After her parents' rehabilitation, Margot was able to leave the Soviet Union with her five children and arrived in the German Democratic Republic in May 1958. Their marriage never having been officially recognised because Margot was foreign, Igor was not permitted to accompany them, but after a personal appeal to Nikita Khrushchev, he joined them in 1960. The family nevertheless felt treated as outsiders, and while Margot built her life in the new country, Igor soon returned to the Soviet Union, where he died in 1984. Although Margot had been informed of her parents' fates, she was under firm instructions to keep the information to herself. Her insistence on discussing the matter led to constant tensions with the authorities. Her indignant letter sent in 1979 to the national newspaper, Neues Deutschland, on the centenary of Stalin's birth, was naturally never published.

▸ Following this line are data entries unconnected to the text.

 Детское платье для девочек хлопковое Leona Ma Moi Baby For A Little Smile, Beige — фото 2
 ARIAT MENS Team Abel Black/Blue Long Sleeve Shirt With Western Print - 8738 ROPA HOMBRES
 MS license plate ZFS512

She remained under close Stasi surveillance until March 1981, when she was permitted to relocate to West Berlin, where she lived in a small apartment, supported by a small pension provided to survivors of Nazi persecution. There was no pension in respect of her time in the Soviet Union.

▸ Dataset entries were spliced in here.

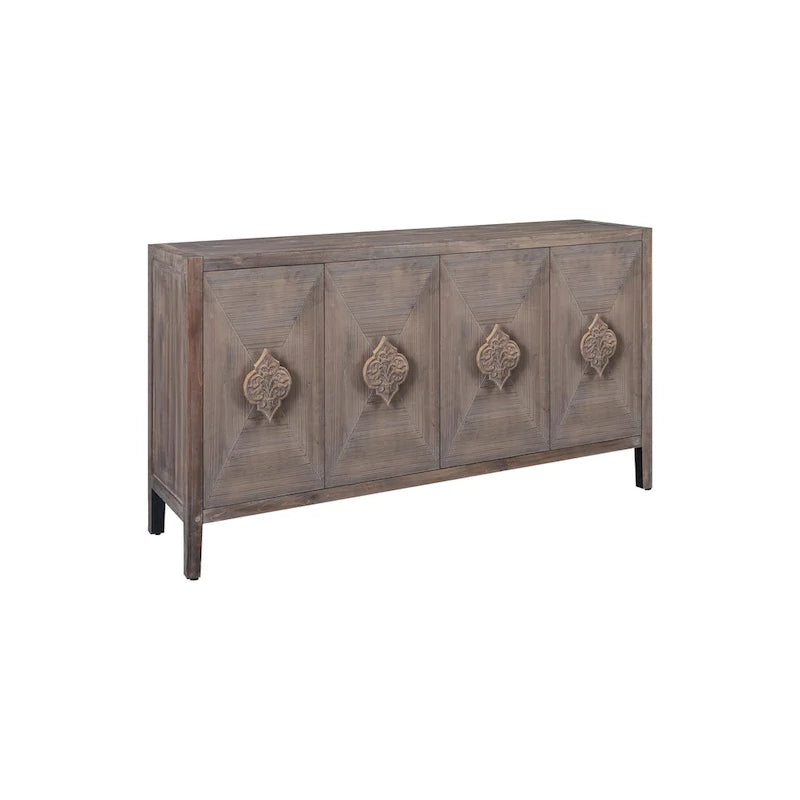 Antique Four-Door Cabinet with Carved Handles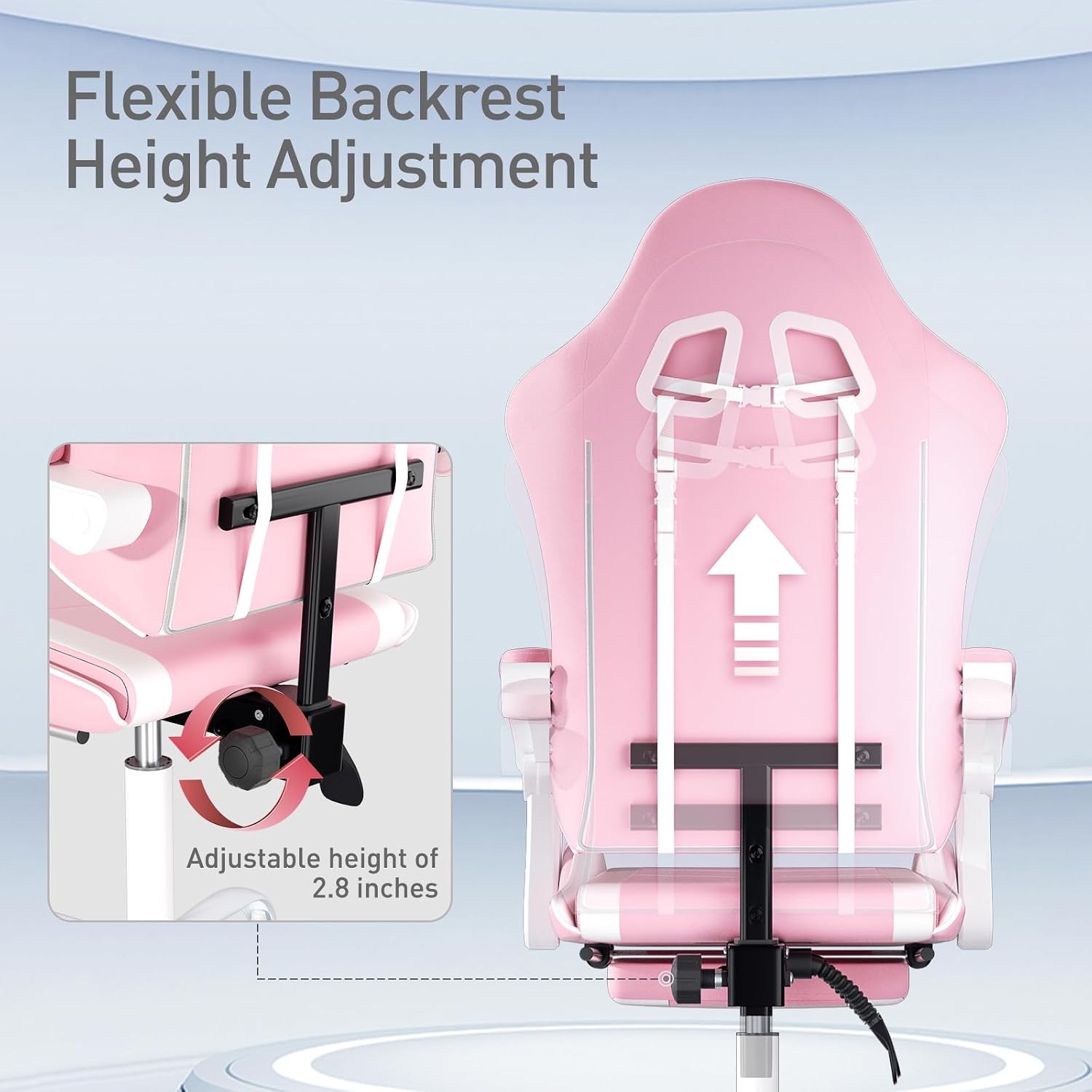 MoNiBloom Gaming Chair, Footrest & Lumbar Support, Height Adjust, Pink | Headrest & Lumbar Support, Ergonomic Computer chair, for Girl women Adult Teen Office or Gaming,Swivel game chair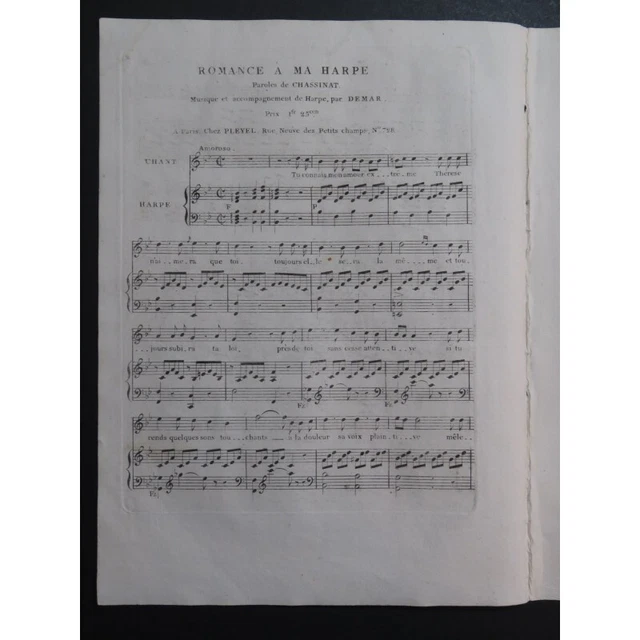DEMAR Sébastien Romance à ma Harpe Chant Harpe ca1800 2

There is less information in the public domain concerning the younger daughter. After the daughters had been taken away from their parents at the end of 1937, Jeanette had learned Russian much more quickly than Margot, which may have indicated a particular talent for languages. Jeanette Kippenberger worked for the government news service in East Berlin between 1956 and 1973 as a typist. specialising in Russian language work. She was given a new job, in September 1973, as a translator with the Intertext, the ruling party's translation bureau. She moved to West Germany on 14 July 1978.

Margot and Jeannette Kippenberger died respectively in 2005 and 2016. Both of their bodies are buried in the Sankt-Matthäus-Kirchhof ("Old St. Matthew's Churchyard") in Berlin's Schöneberg quarter. It was noted at the end of 2017, that their graves were not yet marked by any grave stone.

==Works==
- Together with Adolf Franck: Monistische Jugendbewegung „Sonne“ (Monistic Youth Movement "Sun"). Verlag Paul Hartung, Hamburg 1922
- A. Neuberg: Der bewaffnete Aufstand. Versuch einer theoretischen Darstellung (Armed Insurrection. An Attempt at a Theoretical Presentation). Allegedly published by "Otto Meyer, Zürich" 1928. Reprinted with an introduction by Erich Wollenberg, EVA, Frankfurt am Main 1971. Authors: O. Piatnitzki, Michael N. Tuchatschewski, Hồ Chí Minh and others. A. Neuberg is a pseudonym. Chapter 4, "Der Aufstand in Hamburg" (The Hamburg Uprising), pp. 66–94, is by Kippenberger.